We’ll describe the driving route from Beech Forest, which was about 67km (an hour drive) east of Port Campbell or 40km (under an hour drive) north-northwest of Apollo Bay. Both approaches minimize the amount of unsealed driving.
From Beech Forest, we drove east on the Beech Forest-Mt Sabine Road (C159) for about 1.3km to the Binns Road turnoff on the right. There was signage for both Beauchamp Falls and Hopetoun Falls at this junction. After turning right to go onto the unsealed Binns Rd, we then drove another 4.5km or so to another signposted junction. We then turned right at this junction to go onto the unsealed Hopetoun Falls Road, and we followed this narrow road for the final 400m to its end, where there was a limited parking bay.
An alternate approach from Apollo Bay would be to take the Binns Road directly from the south at about 13km west of town along the Great Ocean Road (B100). Then we’d follow the unsealed Binns Rd for roughly 15km or so before turning left onto the unsealed Hopetoun Falls Road.
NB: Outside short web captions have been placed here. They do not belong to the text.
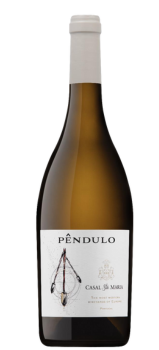Vondeling Sauvignon Blanc Can 2021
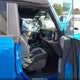 1FMEE5DP9NLB07609 2022 Ford Bronco Wildtrak auction photo thumbnail 5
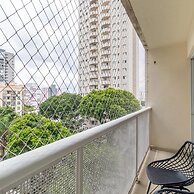 Galvao 43 in S o Paulo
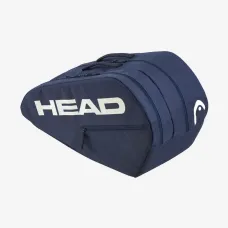 Сумка для падела Head Base Padel Bag M NY 261365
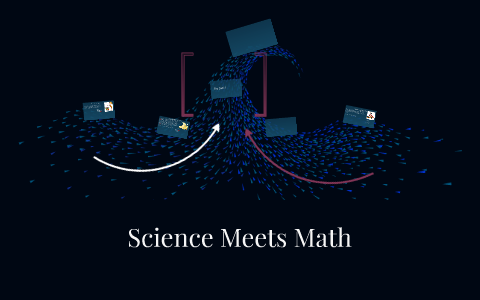 Science Meets Math by Alice De Leon on Prezi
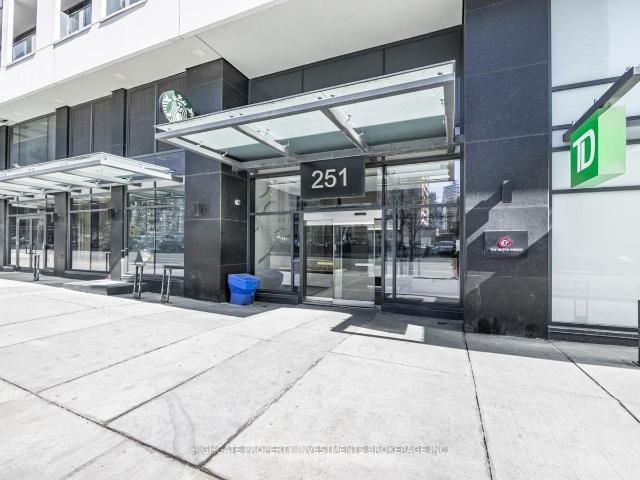 1407 Jarvis Street, Toronto | 2Beds/1Bath, Condo, $2,200/mo | Condos. Ca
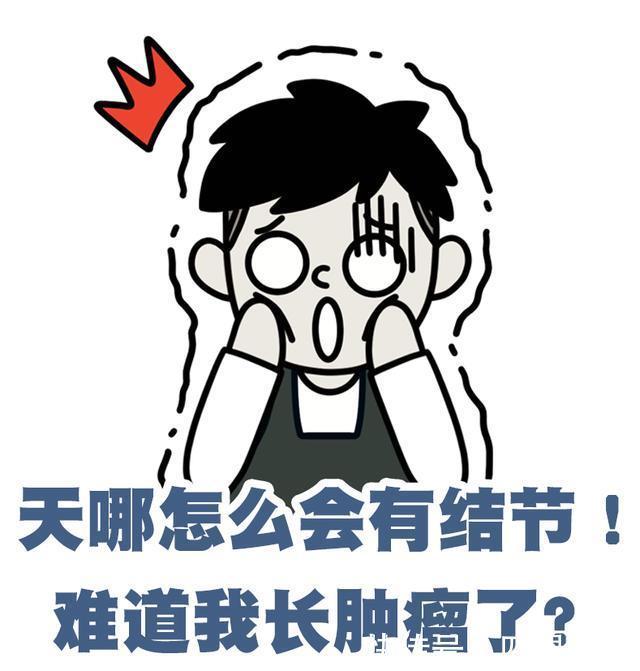  检查|甲状腺结节中5~15是恶性，带你一文看懂甲状腺B超报告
Then, we’d follow that road as above for the final 400m to the car park at its end.
For context, Port Campbell was about 61km (about an hour drive) east of Warrnambool, 98km (over 90 minutes drive) west of Apollo Bay, 227km (2.5 hours drive via the M1 and A1) west of Melbourne taking the inland route, and 291km (4.5 hours drive) west of Melbourne taking the Great Ocean Road.